黎明期のほとんどがそうであるように「より高いレベルへ」と願うと、既に発展途上を終えたトップクラスの”本場”を模倣しようとする。

サッカーもその例外ではなく、いまだに戦術やトレーニング法まで最先端を行くヨーロッパサッカーから多くの技術や発想を輸入している。

そしてやはりまた、サッカーファンも同じなのだ。

サッカー文化における「本場の模倣」の”わずかな光”と”多くの影”


「日本サッカーをトップレベルへ」「自チームを世界レベルへ」と願いながら、その憧れのレベルを真似続けている日本サッカー。それは正解なのだろう。

ヨーロッパサッカーでは、大学院でサッカーの研究が学術レベルで取り組まれていて、その時間とお金の掛け方は今から独自に追いつくのは現実的ではない。逆に考えれば、模倣を続けていればいずれ同じレベルに達することはありえない話ではない。サッカーというスポーツにおいては。

ところがサッカーという文化においては模倣の継続は必ずしも正しいものだとは思えない。「本場はこうなのだからこれでいいのだ」という考えは少なくともサポーター文化においては模倣に意味はほとんどないだろう。

わずかな成功例から挙げると、FC東京の『You'll never walk alone』だろう。リヴァプールのサポーター文化を取り入れたサポーター文化は、クラブの文化に変わり、果てはクラブ間の文化交流にも繋がる可能性を帯びている。国内のリヴァプールファンの一部には懐疑的な声もあるだろうが、デメリットはメリットに比べて極めて少ない。

なによりも失敗例だと感じるのは、サポーターの「フーリガン化」だ。熱狂的サポーターと言われれば聞こえはいいかもしれないが、節度を守らないことが美徳と言われてやめられないのは日本サッカー文化における汚点に他ならない。

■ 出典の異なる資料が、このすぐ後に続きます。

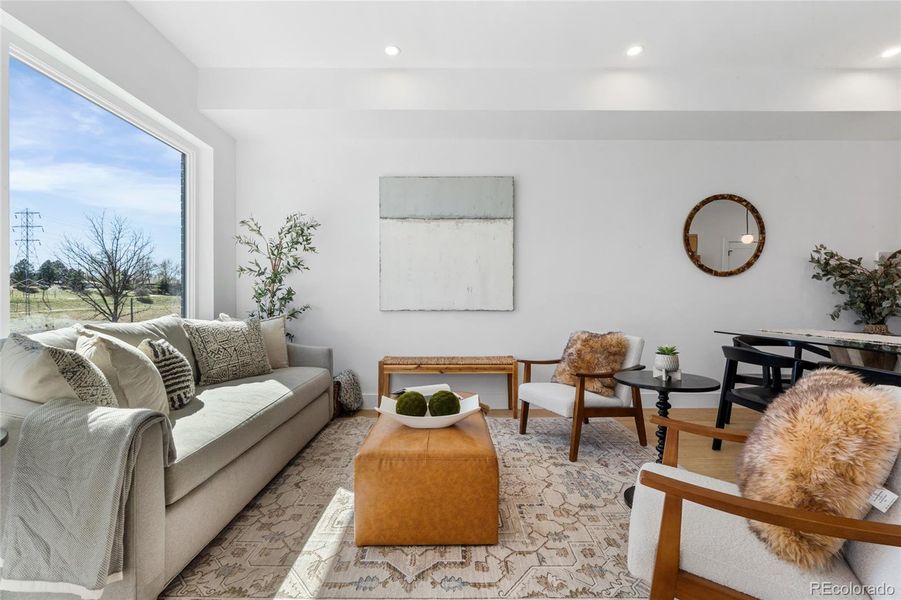 Furnished interior view inside a new home in , Denver (Image 6).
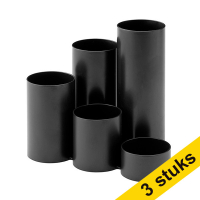 123ink black pen holder with five compartments (3-pack)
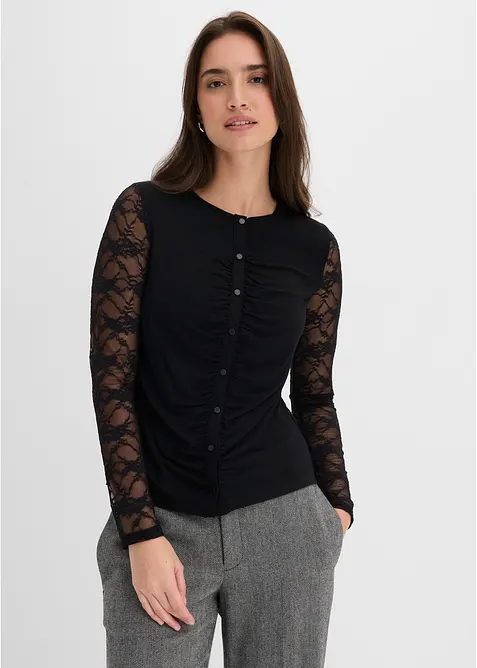 T-shirt manches longues cintr&eacute;, bonprix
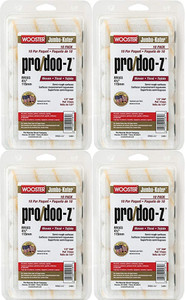 Wooster Genuine 4.5" Jumbo-Koter Pro/Doo-Z 1/2" Nap 4 Sets Of 10-Pack Roller Cover # RR503-4.5-4PK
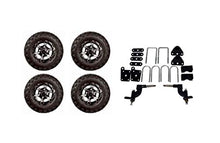 3G Lift Kit Combo with 10" Flash Wheels & Tires for EZGO RXV Golf Carts 2008-2013.5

「本場はもっと酷い」「差別チャントがないだけマシだろう」「ヨーロッパでは死者が出てる」などの意見を振りかざし、初めてサッカーを観に来る「サッカーファンなりかけ」の人たちを排斥することにメリットなんかほとんどない。

クラブに迷惑をかけ、それが結果として選手の迷惑につながる自己満足行為に正当性なんかあるわけがない。

本場と言われるヨーロッパや南米のサッカー文化の中でも、それらは長年の悩みの種であり、汚点なのだ。ないならばそれに越したことはない。

「いいとこ取り」なサッカー文化


イングランド最古のカップ戦FAカップの起源は1872年。その間に世界大戦2回はもちろん、様々な歴史的背景を背負いながら発展を続けてきた。その過程で生まれた確執は応援行為にも影響を与え、現在のアンモラルな部分の誕生に繋がって”しまった”。

日本サッカーのメリットは、100年以上の歴史を持つモデルケースがあったことであり、その情報が引き出しやすい時代がわずか30年足らずで訪れたことだ。良き歴史を取り入れ、悪しき風習は排斥した「いいとこ取り」なサッカー文化を形成しやすいはずだ。

悪しき風習まで模倣をして、自らの長所を自らの手で潰していることに早く気づき、手遅れになる前に正すべきではないだろうか。